• _The problem_: Include in the output exactly the lines from the opening of the data through the line containing "furnicato Beistelltisch Konsolentisch", and nothing more.

*** Opening Given records ***

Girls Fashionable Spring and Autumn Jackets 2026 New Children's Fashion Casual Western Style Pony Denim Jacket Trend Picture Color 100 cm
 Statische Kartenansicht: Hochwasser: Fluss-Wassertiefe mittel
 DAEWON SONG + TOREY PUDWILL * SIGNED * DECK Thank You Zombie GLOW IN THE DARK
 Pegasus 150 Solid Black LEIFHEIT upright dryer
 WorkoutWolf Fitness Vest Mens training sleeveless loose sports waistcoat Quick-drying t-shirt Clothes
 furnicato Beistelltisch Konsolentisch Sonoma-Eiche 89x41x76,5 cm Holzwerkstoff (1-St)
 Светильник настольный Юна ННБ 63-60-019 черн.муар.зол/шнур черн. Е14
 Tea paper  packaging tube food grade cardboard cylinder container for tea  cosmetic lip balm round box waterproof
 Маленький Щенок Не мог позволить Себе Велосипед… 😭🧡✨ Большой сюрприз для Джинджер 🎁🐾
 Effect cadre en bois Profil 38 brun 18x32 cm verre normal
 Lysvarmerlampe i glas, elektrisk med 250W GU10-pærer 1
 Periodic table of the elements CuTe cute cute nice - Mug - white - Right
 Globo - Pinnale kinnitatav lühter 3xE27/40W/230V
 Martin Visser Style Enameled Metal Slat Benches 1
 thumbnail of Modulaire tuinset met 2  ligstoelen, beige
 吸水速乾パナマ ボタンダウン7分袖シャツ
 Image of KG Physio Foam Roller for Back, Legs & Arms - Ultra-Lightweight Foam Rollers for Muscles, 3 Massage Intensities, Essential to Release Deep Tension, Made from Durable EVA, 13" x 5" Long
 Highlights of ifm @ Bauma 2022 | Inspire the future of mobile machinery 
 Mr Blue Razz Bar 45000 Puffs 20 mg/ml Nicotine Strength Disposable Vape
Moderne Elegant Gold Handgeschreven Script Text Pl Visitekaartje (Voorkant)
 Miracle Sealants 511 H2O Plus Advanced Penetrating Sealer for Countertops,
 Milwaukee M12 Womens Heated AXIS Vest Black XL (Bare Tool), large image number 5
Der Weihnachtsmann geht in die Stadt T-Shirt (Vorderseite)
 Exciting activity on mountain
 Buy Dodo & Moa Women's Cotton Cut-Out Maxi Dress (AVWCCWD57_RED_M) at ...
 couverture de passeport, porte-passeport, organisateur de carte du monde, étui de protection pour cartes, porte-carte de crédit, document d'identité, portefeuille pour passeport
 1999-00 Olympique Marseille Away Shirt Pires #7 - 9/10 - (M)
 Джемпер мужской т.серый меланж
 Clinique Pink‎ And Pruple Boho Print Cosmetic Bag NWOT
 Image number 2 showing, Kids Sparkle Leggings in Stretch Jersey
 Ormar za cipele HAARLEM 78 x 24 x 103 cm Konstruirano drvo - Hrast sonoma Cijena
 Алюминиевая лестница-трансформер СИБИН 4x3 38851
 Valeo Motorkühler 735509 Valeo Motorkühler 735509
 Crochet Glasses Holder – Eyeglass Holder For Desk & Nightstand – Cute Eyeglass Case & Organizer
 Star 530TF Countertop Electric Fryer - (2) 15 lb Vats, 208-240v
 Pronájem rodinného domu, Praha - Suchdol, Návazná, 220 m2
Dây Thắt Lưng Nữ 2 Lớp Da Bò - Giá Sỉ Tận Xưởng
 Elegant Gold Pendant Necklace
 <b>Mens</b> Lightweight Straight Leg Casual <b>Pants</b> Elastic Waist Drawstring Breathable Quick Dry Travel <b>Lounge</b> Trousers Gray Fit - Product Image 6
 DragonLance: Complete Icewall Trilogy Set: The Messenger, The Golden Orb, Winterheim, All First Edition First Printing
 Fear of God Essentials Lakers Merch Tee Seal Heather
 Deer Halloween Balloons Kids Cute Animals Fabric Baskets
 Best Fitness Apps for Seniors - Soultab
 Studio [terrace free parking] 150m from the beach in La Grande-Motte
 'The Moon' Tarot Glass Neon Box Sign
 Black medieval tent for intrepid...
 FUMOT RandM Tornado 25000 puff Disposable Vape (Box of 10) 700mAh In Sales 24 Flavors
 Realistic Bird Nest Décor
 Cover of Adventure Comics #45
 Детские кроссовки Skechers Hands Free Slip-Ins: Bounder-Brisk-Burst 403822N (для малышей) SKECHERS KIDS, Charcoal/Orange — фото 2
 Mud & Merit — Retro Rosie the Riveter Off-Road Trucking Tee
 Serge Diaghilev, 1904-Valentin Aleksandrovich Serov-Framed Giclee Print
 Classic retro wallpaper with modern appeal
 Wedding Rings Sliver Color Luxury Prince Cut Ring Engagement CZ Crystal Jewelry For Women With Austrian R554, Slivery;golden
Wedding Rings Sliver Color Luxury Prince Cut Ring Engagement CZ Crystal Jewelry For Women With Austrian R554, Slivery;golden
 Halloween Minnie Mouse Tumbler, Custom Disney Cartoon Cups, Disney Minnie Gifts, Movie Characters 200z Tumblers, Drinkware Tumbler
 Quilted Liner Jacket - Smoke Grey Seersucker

*** Closing Given records ***

• _Result for this task_:
Girls Fashionable Spring and Autumn Jackets 2026 New Children's Fashion Casual Western Style Pony Denim Jacket Trend Picture Color 100 cm
 Statische Kartenansicht: Hochwasser: Fluss-Wassertiefe mittel
 DAEWON SONG + TOREY PUDWILL * SIGNED * DECK Thank You Zombie GLOW IN THE DARK
 Pegasus 150 Solid Black LEIFHEIT upright dryer
 WorkoutWolf Fitness Vest Mens training sleeveless loose sports waistcoat Quick-drying t-shirt Clothes
 furnicato Beistelltisch Konsolentisch Sonoma-Eiche 89x41x76,5 cm Holzwerkstoff (1-St)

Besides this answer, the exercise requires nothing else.